Methods: We assessed whole postmortem hippocampi of CAE and non-CAE subjects that were classified into three matched groups: non-psychiatric controls, untreated major depressive disorder patients (MDDs), and antidepressant-treated MMDs. Postmortem tissue was obtained from the Macedonian/New York State Psychiatric Institute brain collection. Research was conducted with institutional review board (IRB) approval. At the time of autopsy, 2 cm-thick coronal blocks of the hemispheres were frozen in dichlorodifluoromethane (-30°C) and stored at -80C. Selected brain areas were formalin-fixed for neuropathological examination, brain pH was determined and toxicology was performed on cerebellar samples. Hippocampi were sectioned at 50 μm and immunostained for mitotic cells (Ki67-IR), mature neurons (NeuN-IR) and neuronal progenitor cells (Nestin-IR) markers at 2 mm intervals. Total cell number and volume in the DG were estimated by stereology. Subjects were diagnosed using a psychological autopsy, the SCID I or SCID NP (Non-Patient edition) and II, using a method validated for DSM axis I and II diagnoses. History of lifetime mood disorders, developmental history and recent medication history were obtained. The St. Paul Ramsey Life Experience Scale rated the impact of subjects' recent stressful life events using a seven-point scale of severity rating for events that belong to the conjugal, interpersonal, occupational, living and health domains. We analyzed the total St. Paul Ramsey Life Experience Scale score and the overall “Axis IV” score according to this scale. Cause of death, time to autopsy and freezer storage time were noted.

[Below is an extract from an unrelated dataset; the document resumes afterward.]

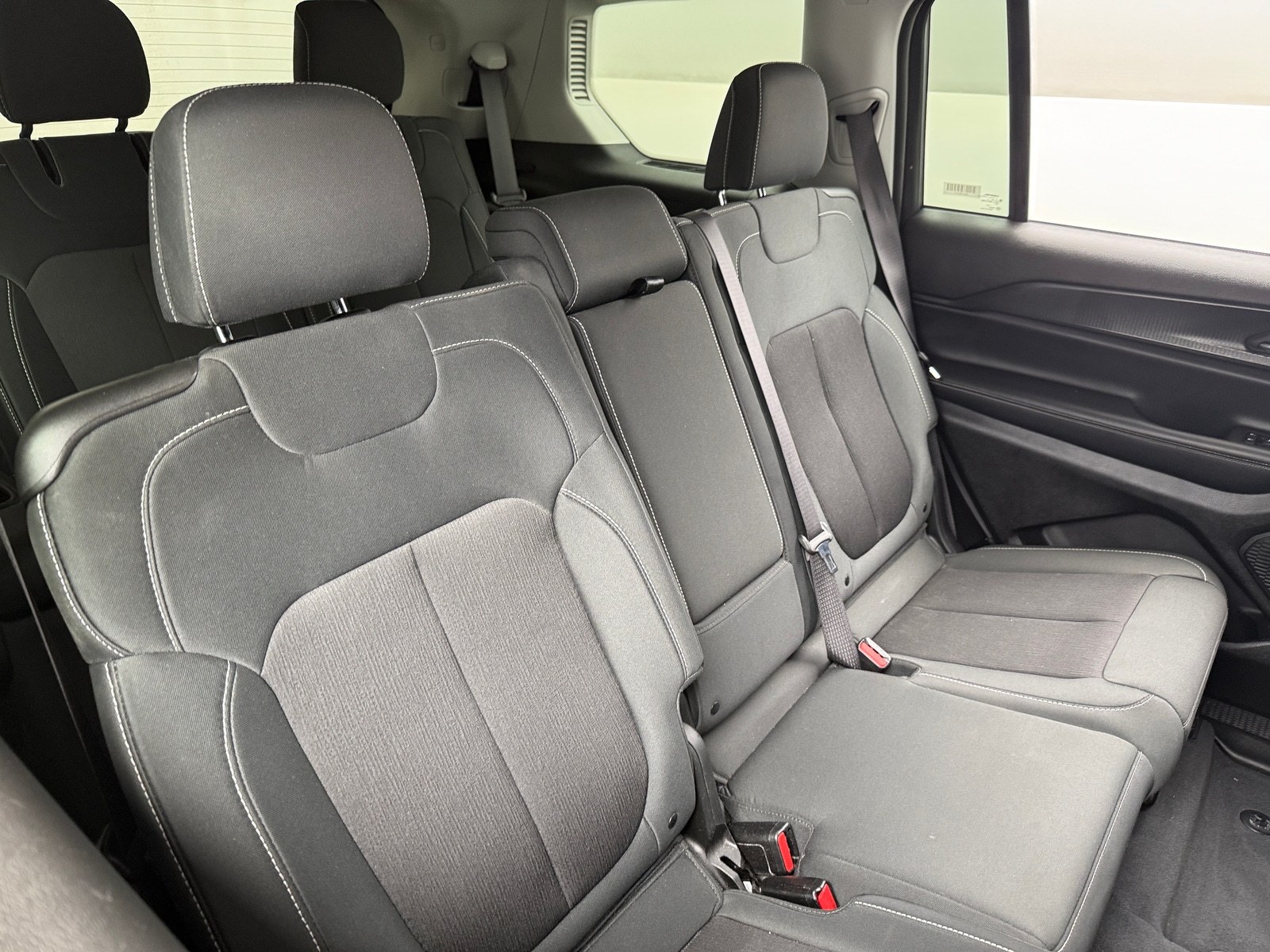 Thumbnail: 2023 Jeep Grand Cherokee L - 6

Results: Mature granule neurons (GNs) differed between groups in the anterior and mid DG. Controls with adversity (C*Adv) had more GNs than untreated MDDs with adversity (MDD*UAdv) in the anterior and mid DG. Treated MDDs (MDD*T) had more GNs than untreated MDDs (MDD*U) in the anterior DG. Mitotic cells (Ki-67) differed between groups in the anterior. MDD*TAdv subjects had more mitotic cells compared to the other groups. Furthermore, DG volume differed between groups in the mid DG. MDD*Ts had larger hippocampal volume than the other groups.
Limitations: The primary limitation of this study is the small sample size. Larger samples should be used for replication of the observations. Also, a limitation of any post-mortem study is the cross-sectional analysis, therefore causes and consequence cannot be discerned. The relationship between neurogenesis and clinical improvement of MDD cannot be studied postmortem and, at the moment, there are no feasible methods to assess human adult neurogenesis in vivo. Furthermore, the fact that antidepressants exposure is associated with evidence of more neurogenesis does not mean it is the mechanism of antidepressant action.

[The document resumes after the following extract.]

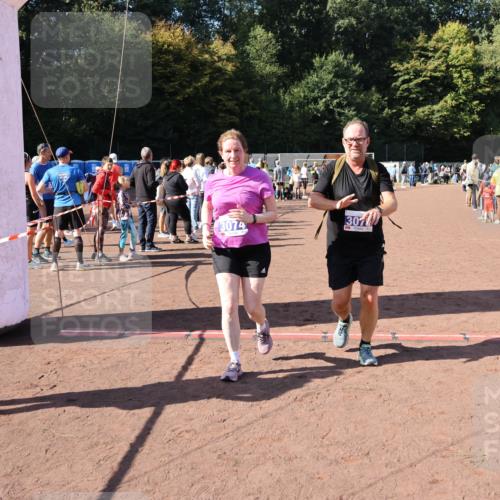 27.09.2026 - 35. Volkslauf durch das schöne Alstertal Strokosch-Dieckow http://msf.ph/oto/10586225 27.09.2026 11:51:56 Ziel 3074, 3075 meine-sportfotos.de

Conclusions: The study showed that non-psychiatric controls with childhood adversity had a greater number of mature neurons compared to subjects with major depressive disorder and history of childhood adversity. For subjects with history of childhood adversity, the decrease in mature neurons is associated with vulnerability to develop major depressive disorder (MDD), whereas an increase in mature neurons is associated with resilience to MDD. Furthermore, in subjects with treated MDDs, early life traumas counteract the antidepressants response, showing a reduced hippocampal volume compared to treated MDD subjects without adversity.